What is the hardest job at Intel, excepting whoever is in charge of the development of chip etching processes and the foundries that implement it? We think it is running its disparate networking business. The competition is tough, and getting tougher with both incumbent and upstart players taking on Intel in network interface cards, switching, silicon photonics, and other areas.
Hong Hou is the new general manager of Intel’s Connectivity Group, one of the sub-fiefdoms in the Data Center Group, which all told drove $27.71 billion in revenues in the trailing twelve months, or more than a third of revenues but more than half of the company’s overall profits.
We don’t know how much of this Data Center Group business is networking in its various forms, but we suspect it reflects the industry at large to a certain extent and then skewed to the right a bit towards compute and away from networking and storage. It is hard to guess how much the networking business in the aggregate makes – we don’t have enough data and it depends on how you cut it. It has a network interface card business that rivals the Mellanox division of Nvidia, and a switch business that is probably on par with Mellanox if you include Barefoot and Omni-Path together.
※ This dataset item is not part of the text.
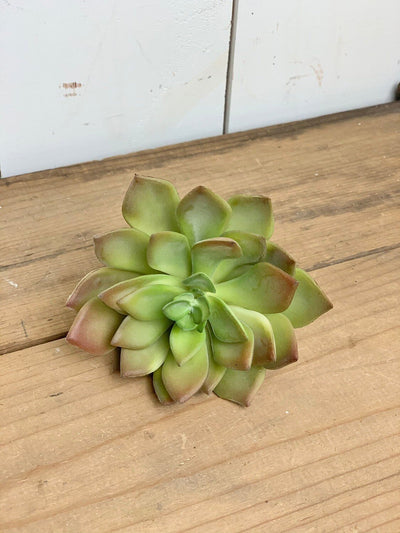 Green with Colored Tips Echeveria Succulent Stem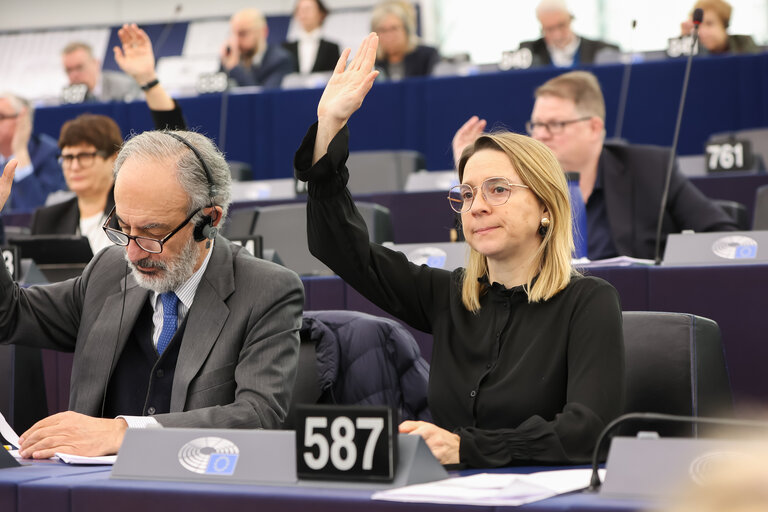 Valokuva 14: EP Plenary session - Voting session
Silicon photonics is not yet driving a lot of revenues, but transceivers for network cables probably does.
There is no easy way to quantify how much software-defined networking software is running on Xeon iron, either, which is technically should be counted as Connectivity Group revenues, or how much networking is supported by its Data Plane Development Kit and other systems software, or how much of the sales of its (formerly Altera) FPGAs are being sold for networking use cases. But Intel is trying to build a networking software stack, based on various SDKs, operating systems and abstraction layers, and control planes that run across its various networking hardware. Take a gander:
Suffice it to say, despite the challenges, Intel is a player in interconnects even if it is not the dominate one. Markets are generally not well served by such dominance, anyway, in terms of the pace of innovation and the cost of that innovation. So it is not a desired state of affairs. But, it absolutely is desirable to have Intel be in the networking business and bring what it knows about the datacenter to bear.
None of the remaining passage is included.